Database Compilation

The process of compiling a Hyperties database consists of several
phases.  First, the given directory or directories which contain the
database are scanned for files with the appropriate extensions, and the
three parts of the index (storyboards, pictures, and targets) are created by
examining these files for their identifiers.  This phase also involves some
checks for name conflicts.  Then, the individual storyboards are processed
by the formatter to create the display files and extract references to
other documents in the database.  At this point, all references are checked
against the index -- if any identifiers are missing from the index, the user
is requested to supply their location if possible.  The formatting process
generates the display files, using information contained in the current
environment description.  Last, any uncorrectable errors in the database
are signalled to the user, and various cross-reference tables may be
produced, if requested.  Ultimately, the compiler will support partial
compilation, for cases where only a small number of documents changed. 

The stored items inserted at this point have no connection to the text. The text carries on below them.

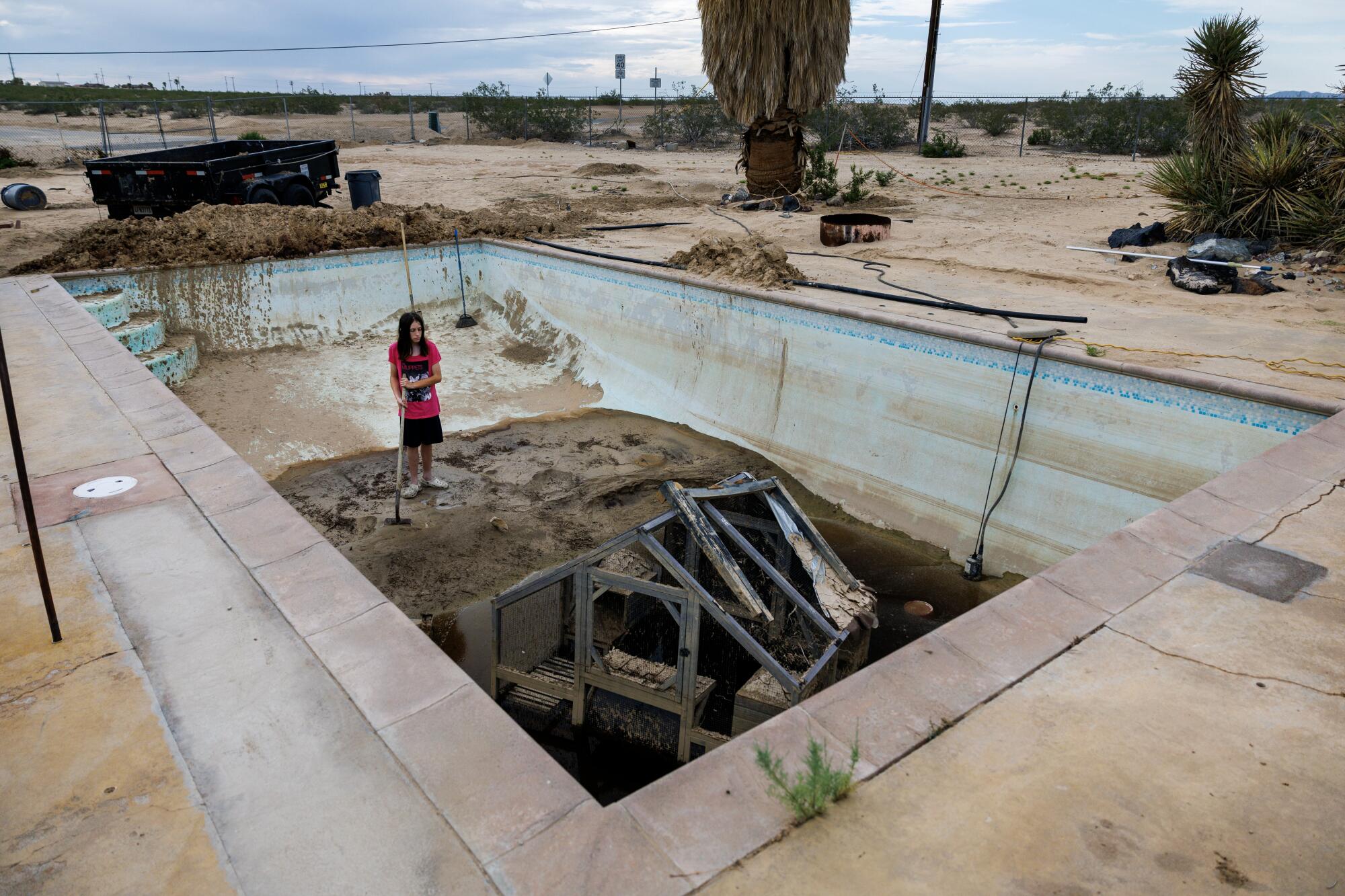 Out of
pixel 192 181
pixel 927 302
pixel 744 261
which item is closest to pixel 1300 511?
pixel 927 302

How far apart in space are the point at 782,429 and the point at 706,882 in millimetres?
7237

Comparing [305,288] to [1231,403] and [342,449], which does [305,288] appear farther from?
[1231,403]

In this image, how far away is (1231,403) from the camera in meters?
6.04

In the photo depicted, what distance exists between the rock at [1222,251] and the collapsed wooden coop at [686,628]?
756 cm

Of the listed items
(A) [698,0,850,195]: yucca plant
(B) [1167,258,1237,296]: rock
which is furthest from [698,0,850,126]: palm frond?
(B) [1167,258,1237,296]: rock

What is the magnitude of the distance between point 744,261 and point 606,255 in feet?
7.89

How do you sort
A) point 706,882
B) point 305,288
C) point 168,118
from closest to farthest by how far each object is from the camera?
point 706,882 → point 305,288 → point 168,118

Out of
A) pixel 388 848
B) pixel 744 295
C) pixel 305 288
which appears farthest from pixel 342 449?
pixel 388 848

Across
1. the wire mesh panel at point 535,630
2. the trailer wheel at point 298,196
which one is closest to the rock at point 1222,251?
the wire mesh panel at point 535,630

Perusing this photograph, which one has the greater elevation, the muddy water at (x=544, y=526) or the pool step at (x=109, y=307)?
the pool step at (x=109, y=307)

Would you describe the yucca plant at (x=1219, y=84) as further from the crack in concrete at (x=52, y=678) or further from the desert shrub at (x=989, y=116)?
the desert shrub at (x=989, y=116)

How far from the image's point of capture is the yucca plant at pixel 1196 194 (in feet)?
36.9

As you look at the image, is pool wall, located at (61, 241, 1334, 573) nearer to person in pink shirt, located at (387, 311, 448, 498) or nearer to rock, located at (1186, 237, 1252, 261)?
person in pink shirt, located at (387, 311, 448, 498)

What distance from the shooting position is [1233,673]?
300cm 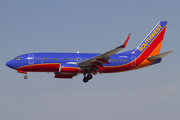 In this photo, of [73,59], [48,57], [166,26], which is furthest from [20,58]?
[166,26]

This is a necessity for large databases, where the cost of recompiling an
entire database could be substantial.
The database structure and compilation process described above allow for
a variety of authoring aids, short of a full authoring environment, to be
constructed simply.  One possibility is a simple file selection utility,
which would allow the author to select a document or picture by its
identifier (a long, mnemonic name), and, using information contained in the
master index, automatically invoke a word or graphics processor on the
appropriate file(s), and recompile the database as changes are made.  This
could very likely be written using shell scripts or batch files in a UNIX or
MS-DOS environment.  Another tool of great utility would be an improved
facility for selecting targets in graphical images.